In regards to the bicycle being struck 4 feet 8 inches left of the edge line, the Maryland Vehicle Law Annotated Code states the following: Title 21-1205(a) Riding on roadways or highway, each person riding a bicycle or a motor scooter at a speed less than the speed of traffic at the time and place and under the conditions then existing on a roadway shall ride as near to the right side of the roadway as practicable and safe. Except when making a left turn, operating on a one-way street, passing a stopped or slower moving vehicle, avoiding pedestrians or road hazards, the right turn lane is a right turn only lane or operating in a lane that is too narrow for a bicycle or motor scooter and another vehicle to travel safely side by side within the lane. At this point in the investigation, there is no apparent reason why Mr. Leymeister would be that far left of the white edge line.
Mr. Leymeister was not wearing a helmet at the time of this accident. Could the helmet have lessoned his injury to the point he would not succumbed to his injuries? The autopsy report may shed some light on this question. It should also be noted that Mr. Leymeister was not wearing any reflective clothing at the time of this collision.
Why would he? It wasn't dark out. Did the driver have her lights on for the clothing to reflect. And, not wearing a helmet did not cause the crash.

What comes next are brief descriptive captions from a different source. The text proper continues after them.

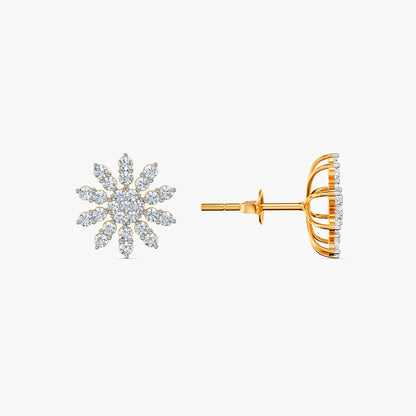 Gold Sunlit Aster Lab Grown Diamond Earrings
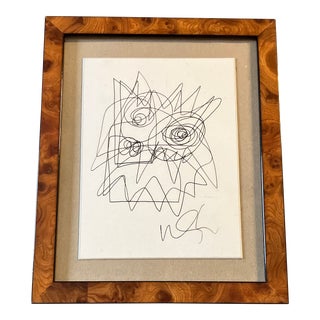 1980’s Original Wayne Cunningham Abstract Ink Drawing Burled Wood Tabletop Frame For Sale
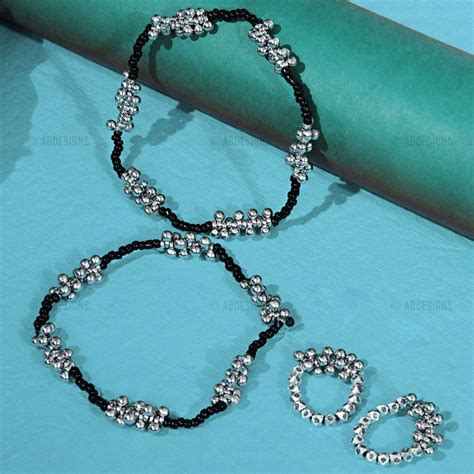 Astonishing Silver Plated Ghungroo Anklet Toe Rings Combo ...
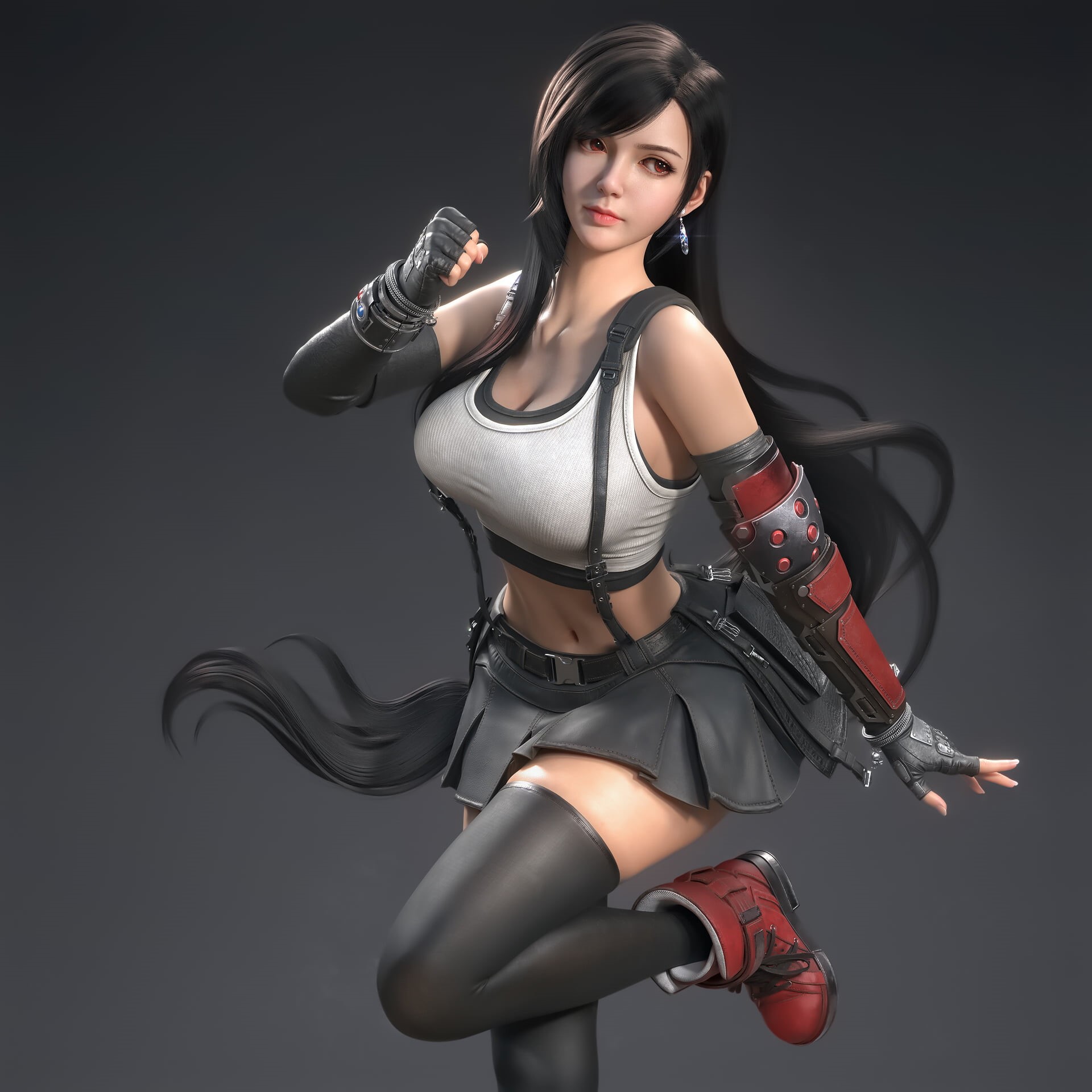 euginnx_Wu, skirt, leather, Tifa Lockhart, CGI, tank top, 1080P, long hair, boots, women, Final Fantasy, looking away, thigh high socks, simple background, Phone HD Wallpaper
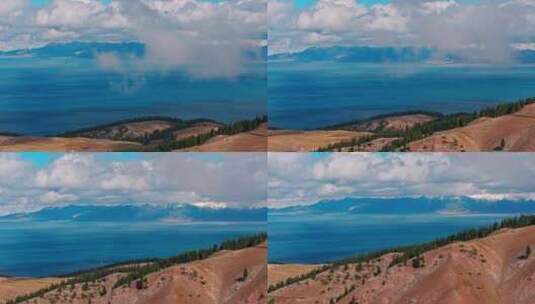 蓝天白云下的赛里木湖高清在线视频素材下载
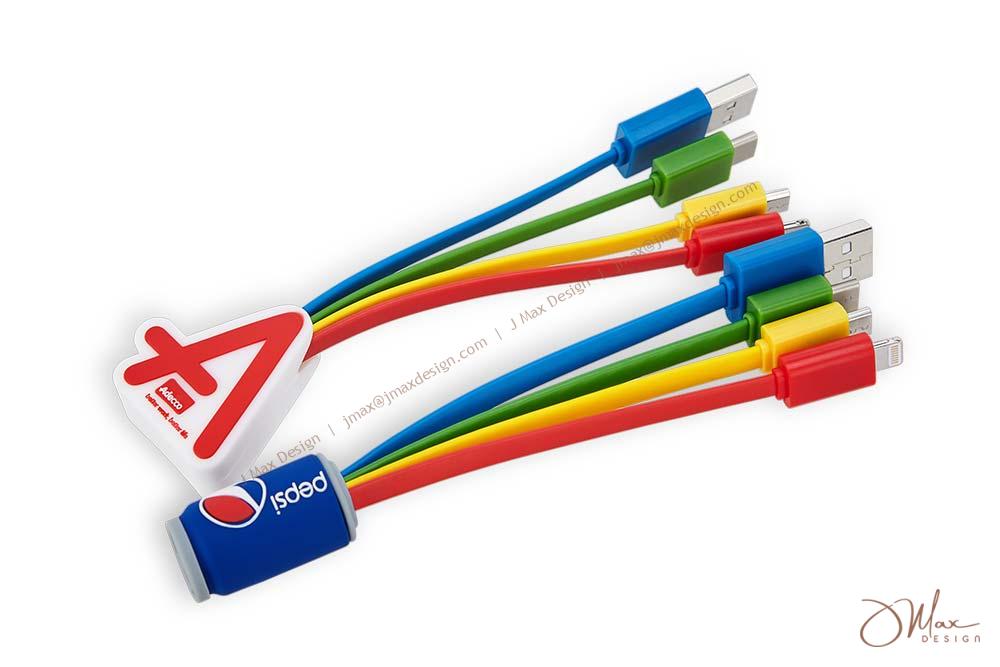 Colorful charging cables 3D branded charging cable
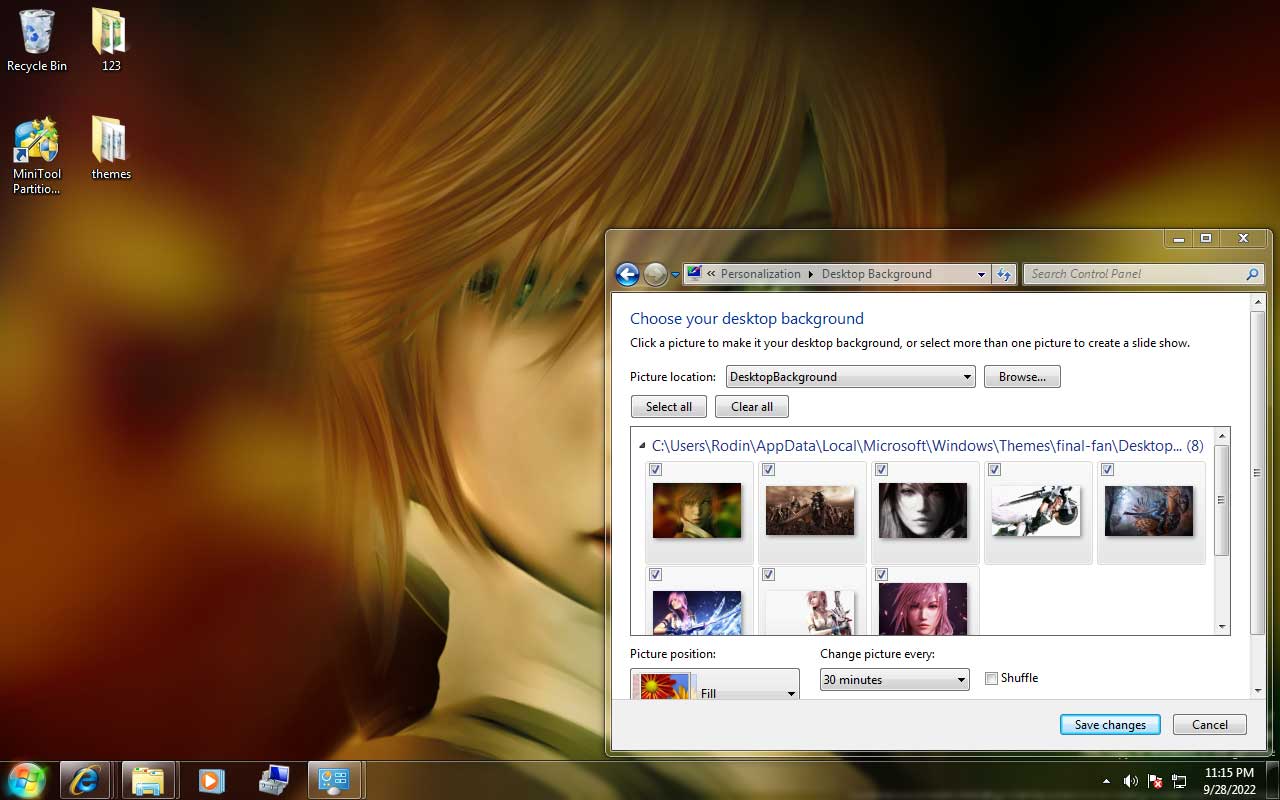 Windows 7 Final Fantasy Theme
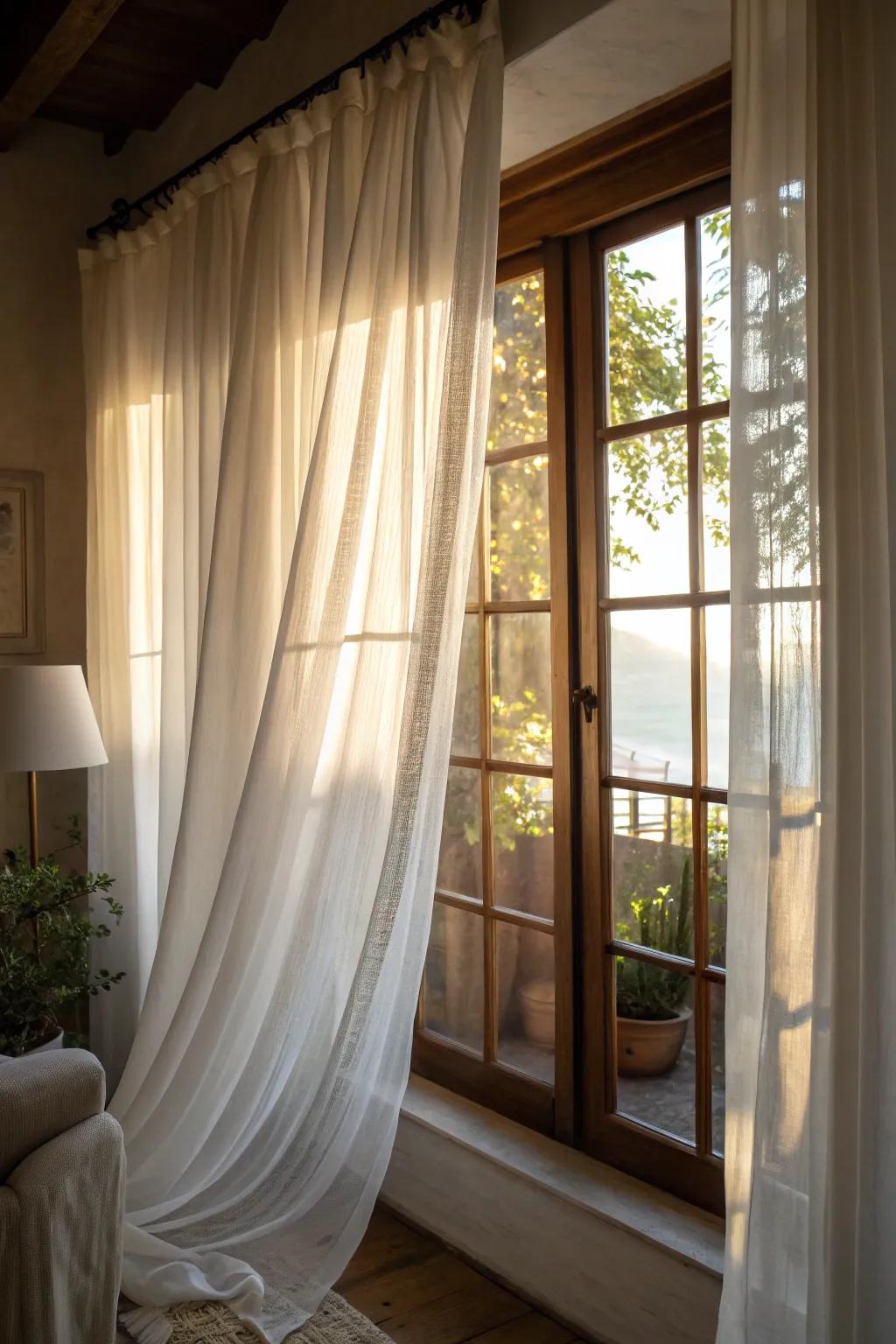 Sheer curtains allow for privacy while making sure the room stays bright and airy.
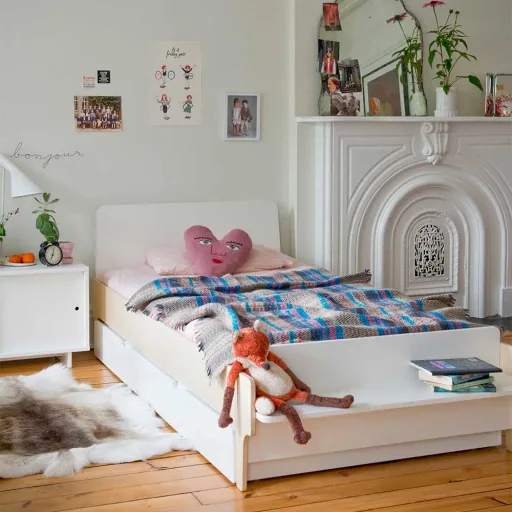 Oeuf river single bed birch with white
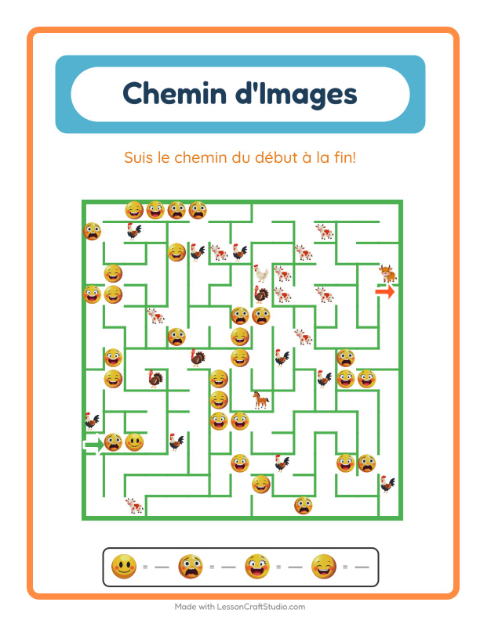 Aperçu de la fiche Parcours Illustré avec Émotions pour École maternelle (grande section, 5-7 ans)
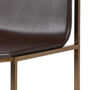 Vesper Brown Faux Leather And Gold Frame Dining Chair, thumbnail 2 of 2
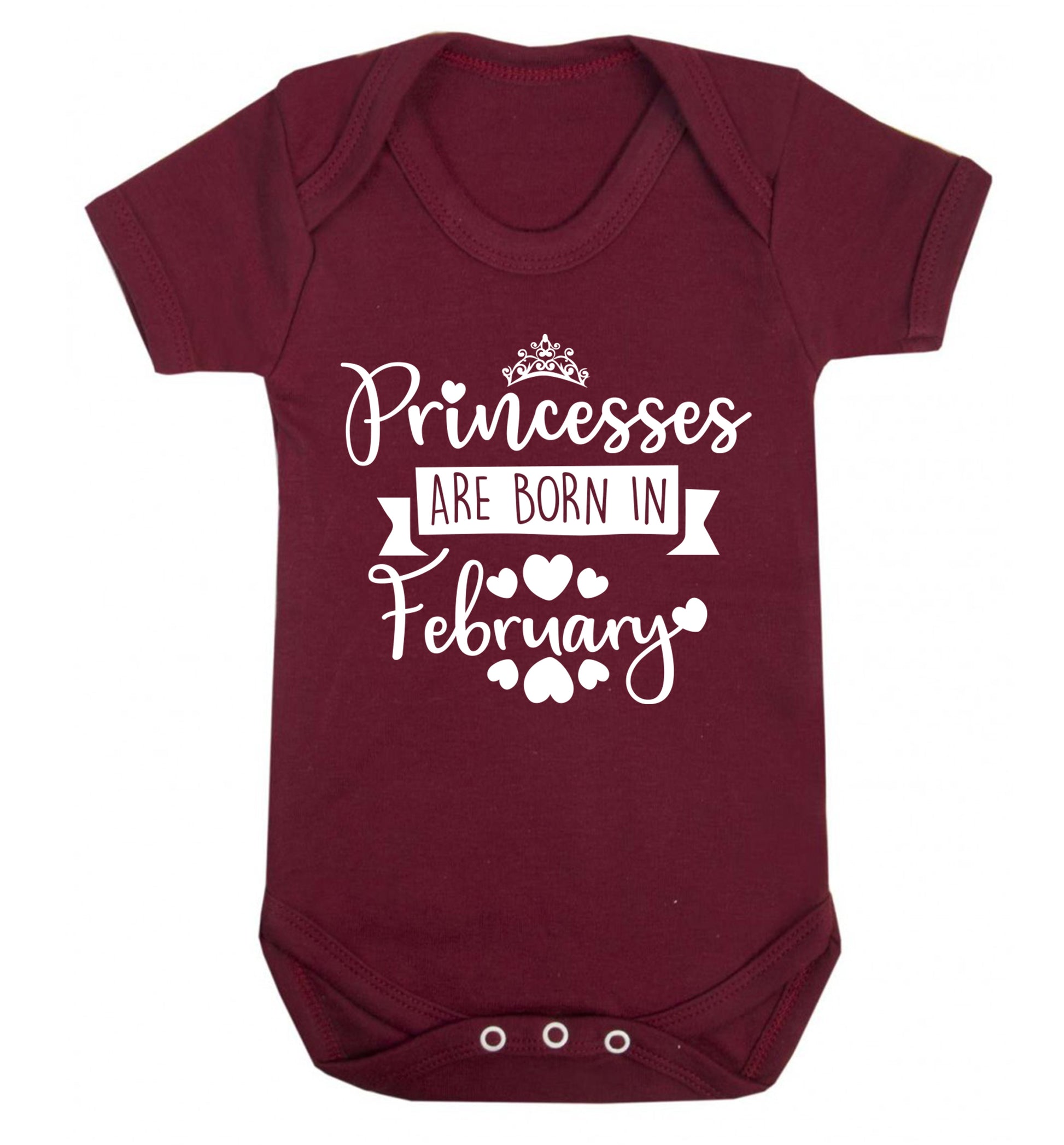 Princesses are born in February Baby Vest maroon 18-24 months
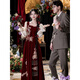 Fragrant long-sleeved toast dress bride 2025 new autumn and winter burgundy engagement dress dress velvet women burgundy XS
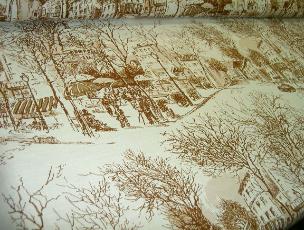 angle view Drapery Workroom Fabric Remnant Mulberry Parisian Scene Linen Cotton Blend Toile Fabric
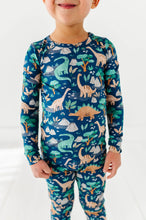 Load image into Gallery viewer, Kids Bamboo Pajamas - Bamboo Fall Clothing - Arlo Dinosaur
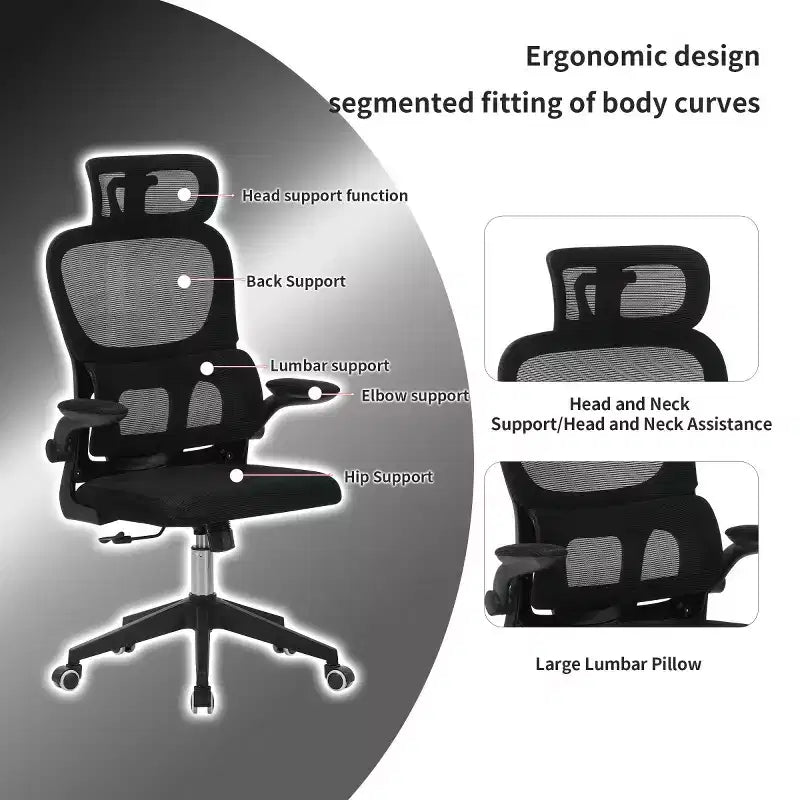 Chaise de bureau ergonomique à dossier haut, chaise de bureau en maille avec soutien lombaire réglable, chaise d'ordinateur pivotante à roulettes pour bureau à domicile - Panipeachy
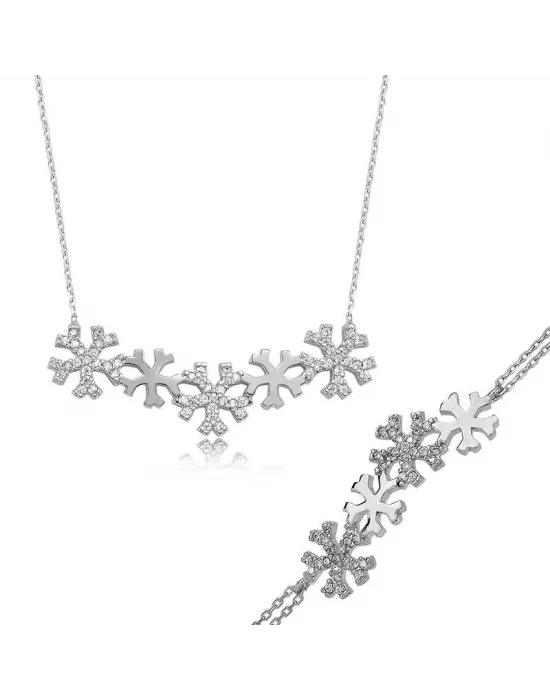 Gümüş Kar Taneleri Bayan Set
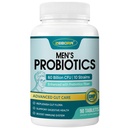 ZEBORA Probiotika til mænd og Prebiotika til fordøjelsessygdomme, 90 tabletter, 60 Millioner CFU 'er til immunforsvar og Gut Health, 10 Strops, Hypoallergen Probiotika, Hylde Stable, Gluten & Soy Free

This tragic incident further illustrates the need to educate the public on traffic safety. The Maryland State Police extends their support to those in the bicycling community and continues to be involved in discussions that target the concerns of everyone.
I hope this letter clears up any confusion on the unfortunate events that led to this tragic accident. The Maryland State Police are committed to all citizens of the State of Maryland in keeping our roadways safe for all of us.
Lieutenant Michael Thompson
Commander, Barrack "T" Leonardtown
23200 Leonard Hall Drive
Leonardtown , MD 20650
Update: Pulling this up from the comments, Darren has a link to an explanation of the presumption of negligence on the part of the following driver that normally (as in, as long as a bike is not involved) exists in a rear-end collision in Maryland.